Imaginaré que te llamás Sumire y no permitiré que muchacho alguno te alburee. Lo imaginaré porque deseo, en lo más hondo de mi vida, que seás como Sumire, que, igual que un granjero, vos te acostés pronto y te levantés temprano. Así dejarás de ir a los antros y no permitirás que, en madrugada, tu novio te bese, saber en qué callejón, saber en qué banca del parque de San Sebastián. En la madrugada, como a las cuatro, vos despertarás y tomarás un té y oirás un disco de Nina Simone y, a las cinco con cuarenta y dos minutos, saldrás a la terraza y esperarás la salida del sol. Y como yo, a esa misma hora, en mi casa, haré lo mismo, sabré que hay un puente entre vos y yo, un puente infinito, un puente que nos une al universo, que es casi como decir la mano de Dios.

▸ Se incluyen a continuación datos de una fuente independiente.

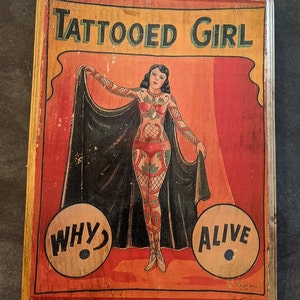 Tattooed Girl Freak Show Sideshow Vintage Art Hanging Wall Plaque Sign Handmade Tattoo Wall Art Shop Parlor Artist image 3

Imaginaré que te llamás Sumire y que estás cerca, muy cerca de mí, aunque vivás en un penthouse de Tokio y no hablés mi lengua. Imaginaré que ya sos sabia y que no necesitás ser espíritu búho; imaginaré que sos espíritu gallo y, a las ocho y media de la noche, buscás tu palo para dormir (sin albur, por favor, sin albur). ¿Cómo se dice Te quiero, en japonés?